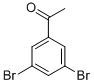 3,5-Dibromoacetophenone CAS#: 14401-73-1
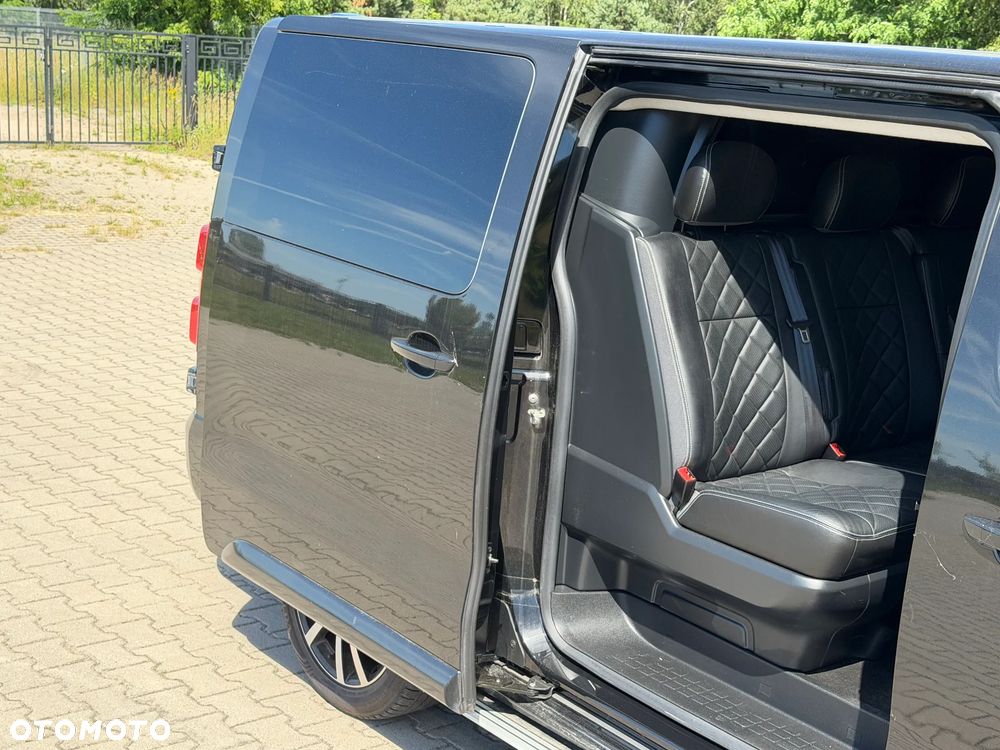 Toyota ProAce D-4D Long 3,0t Active (bryg.) - 26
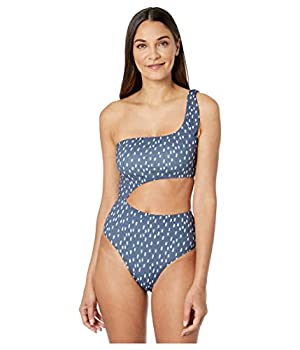 【中古】【輸入品・未使用】Eberjey レディース Ibiza US サイズ: X-Small カラー: ブルー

# [Work request]
Using the material above, restate word for word the lines from the line that has "Toyota ProAce D-4D" to the last line, inclusive, with pictures omitted.

# [Task response]
 Toyota ProAce D-4D Long 3,0t Active (bryg.) - 26
 【中古】【輸入品・未使用】Eberjey レディース Ibiza US サイズ: X-Small カラー: ブルー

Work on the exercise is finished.